%%

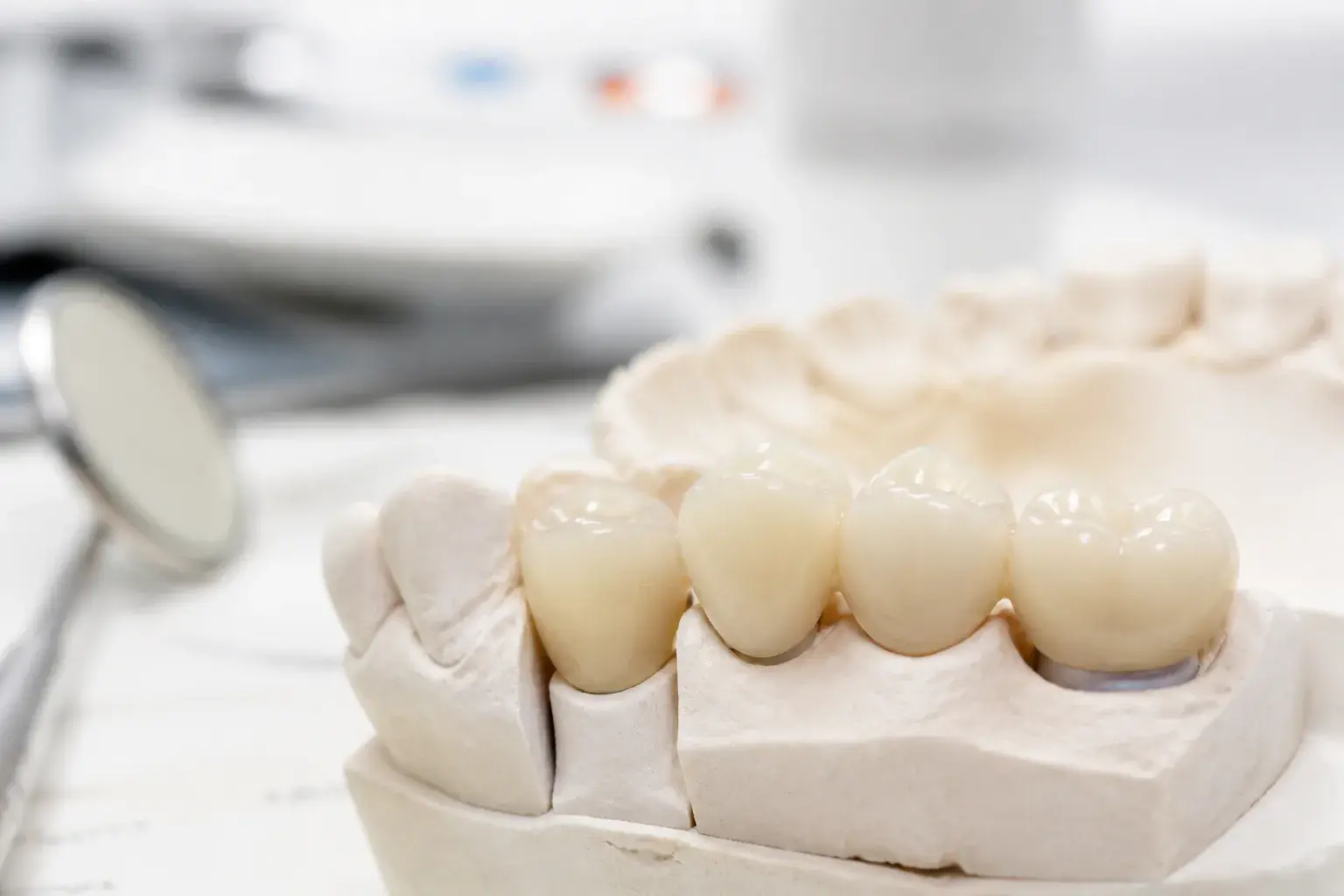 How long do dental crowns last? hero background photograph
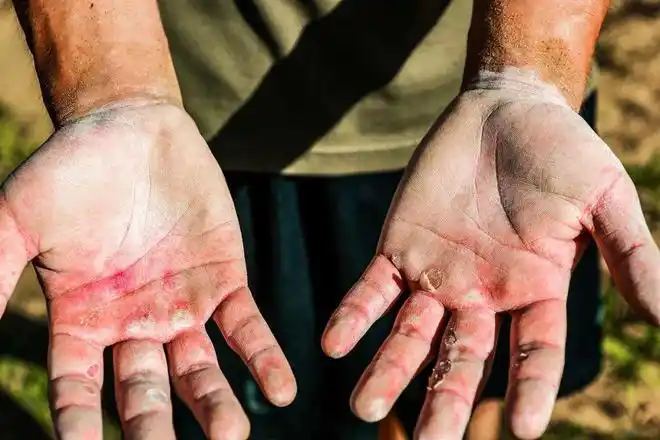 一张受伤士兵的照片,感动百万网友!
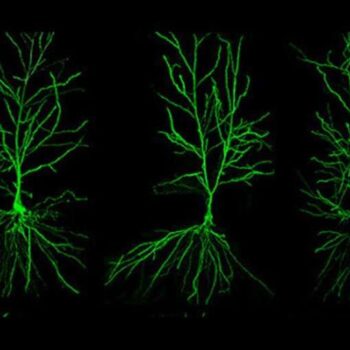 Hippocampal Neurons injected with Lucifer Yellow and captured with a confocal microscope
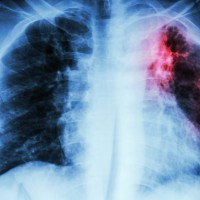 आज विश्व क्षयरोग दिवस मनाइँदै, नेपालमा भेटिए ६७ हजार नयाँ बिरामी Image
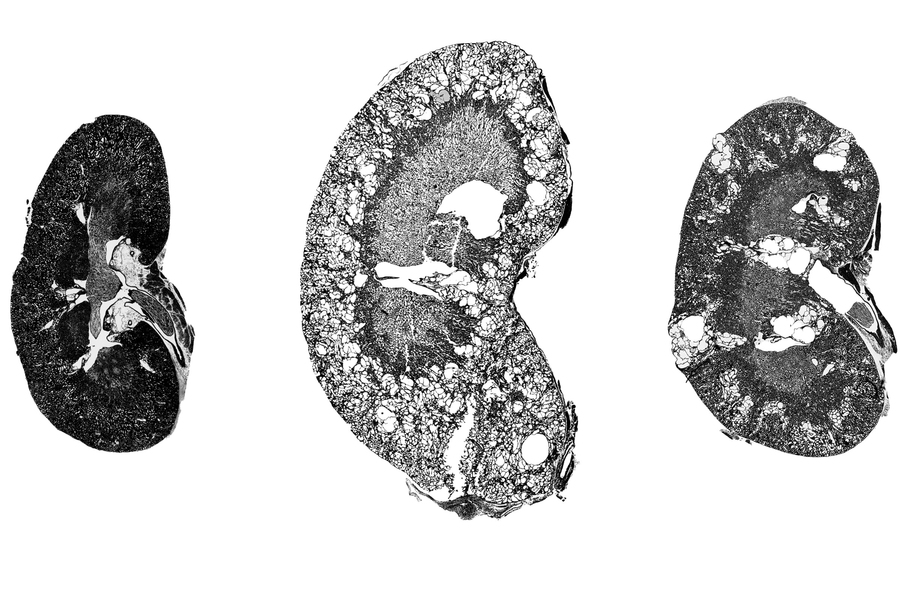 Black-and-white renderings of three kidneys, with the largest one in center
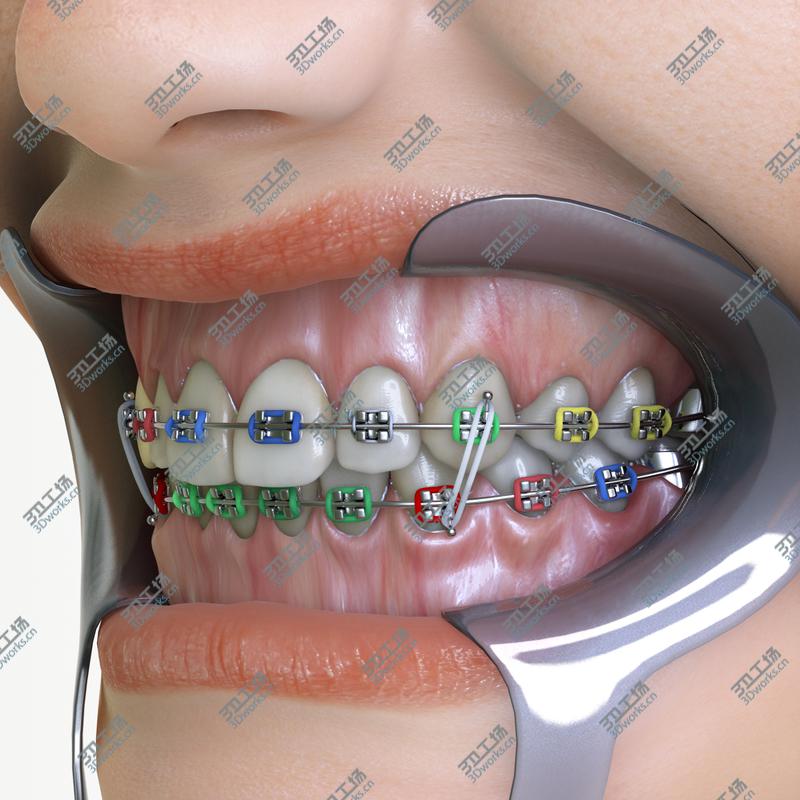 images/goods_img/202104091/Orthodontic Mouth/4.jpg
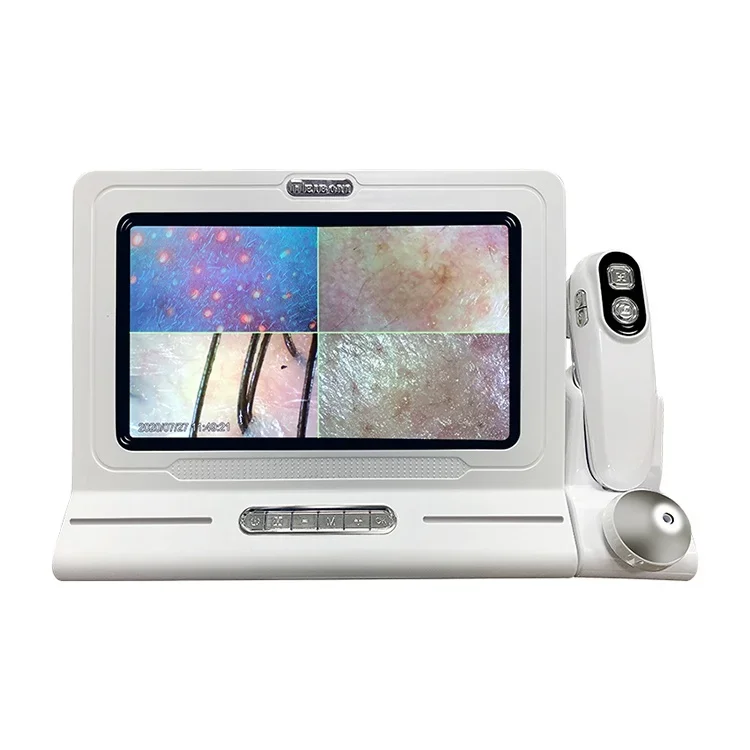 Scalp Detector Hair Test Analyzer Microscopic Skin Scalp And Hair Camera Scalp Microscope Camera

%%

Work task =
I need the entries printed exactly, with each picture left out.

Result of this exercise =
 How long do dental crowns last? hero background photograph
 一张受伤士兵的照片,感动百万网友!
 Hippocampal Neurons injected with Lucifer Yellow and captured with a confocal microscope
 आज विश्व क्षयरोग दिवस मनाइँदै, नेपालमा भेटिए ६७ हजार नयाँ बिरामी Image
 Black-and-white renderings of three kidneys, with the largest one in center
 images/goods_img/202104091/Orthodontic Mouth/4.jpg
 Scalp Detector Hair Test Analyzer Microscopic Skin Scalp And Hair Camera Scalp Microscope Camera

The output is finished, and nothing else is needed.